It's not unusual for the BBC to report on the eccentric pseudohistorical theories that British speculators propose. It is, however, unusual for them to layer so much pseudohistory into an ostensibly neutral news report.
Our story today concerns carpet-fitter Steven Tasker, 66, who thinks that he has uncovered the secret machine, mentioned in the Bible, that enabled the Egyptians to build the pyramids and the people of ancient Britain to build Stonehenge. It's an elaborate version of rollers and rockers that have been stacked atop each other. It's implausible--for example, he thinks that Egyptian jars used for eye makeup were the rollers--but he has convinced himself that it is the chariot of God described in the book of Ezekiel, with the wings of the cherubim and the calf's feet resembling his conception of the platforms and rockers used to rock heavy rocks across the landscape.
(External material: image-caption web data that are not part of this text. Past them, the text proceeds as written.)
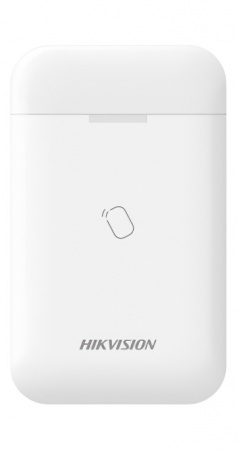 Купить Hikvision DS-PT1-WE Считыватель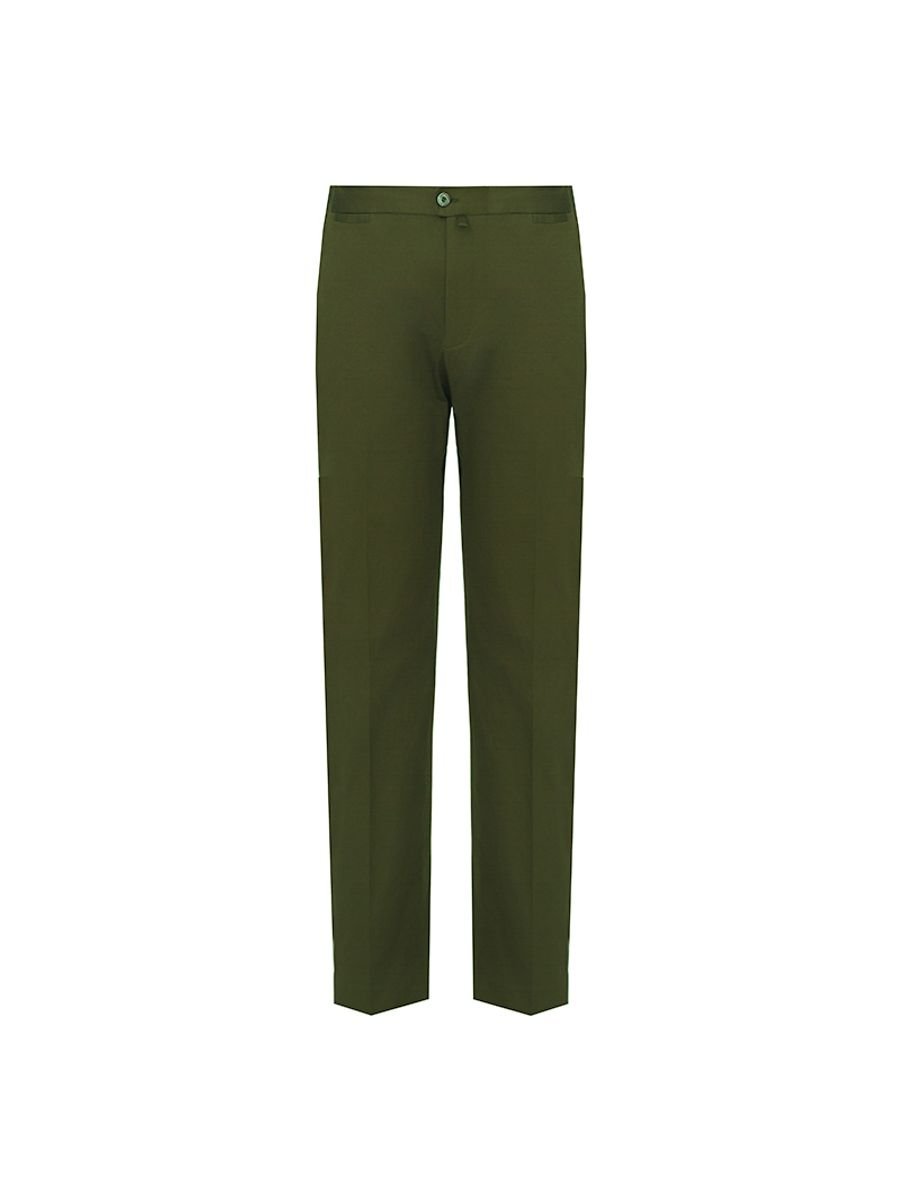 Pants ZT-00312
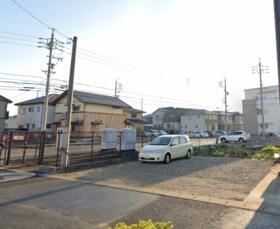 愛知県春日井市堀ノ内町４丁目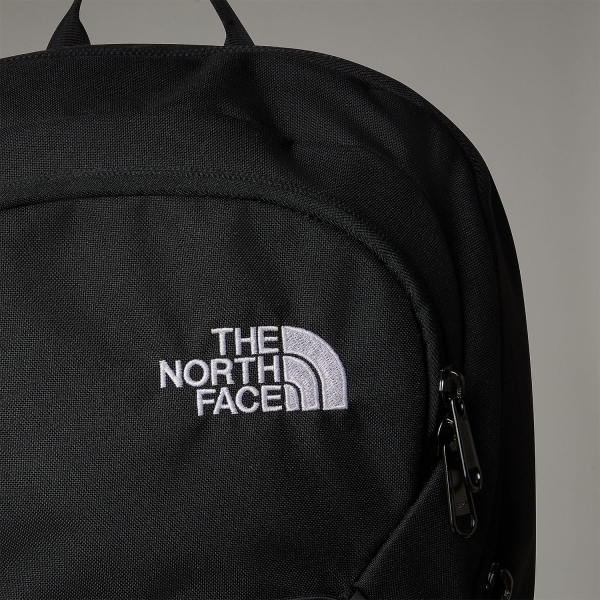 the-north-face-rodey-zaino-sportivo-tnf-black-npf-nf0a3kvc4h0-D-600x600 THE NORTH FACE Qante NF0A3KVC4H0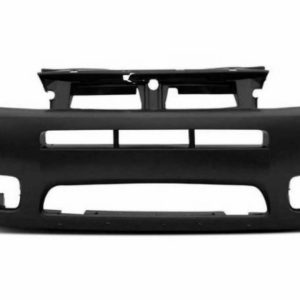 PARACHOQUE DIANTEIRO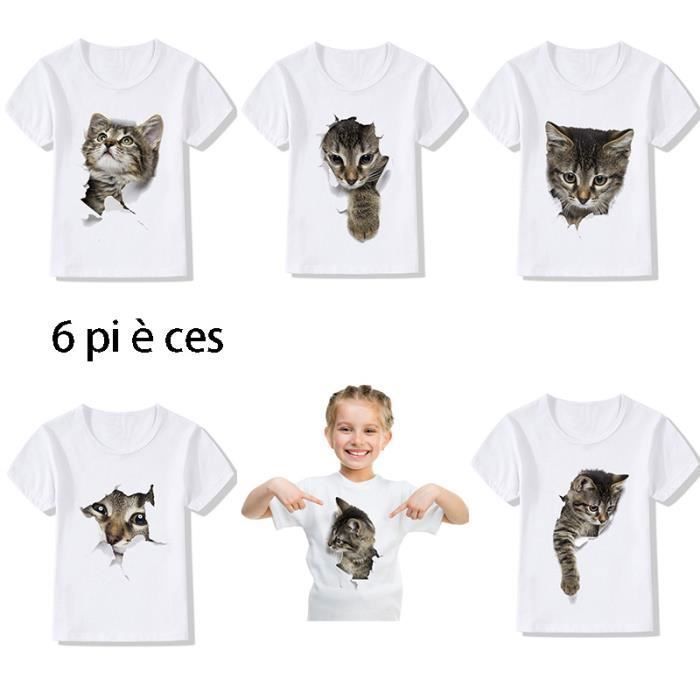 T shirt 2025 garcon 10 ans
But I was dumbfounded by the illustration Tasker provided and the BBC ran uncritically:
Where do we even start?
In the center of the image we see a man dressed either like Moses or Merlin, which is weird enough, especially since Geoffrey of Monmouth had told a story about Merlin magically transporting Stonehenge.
But on the left we see a Nephilim Bible Giant, also from Geoffrey's account. In medieval legend, giants built Stonehenge, and Tasker has placed one in his Stonehenge panorama.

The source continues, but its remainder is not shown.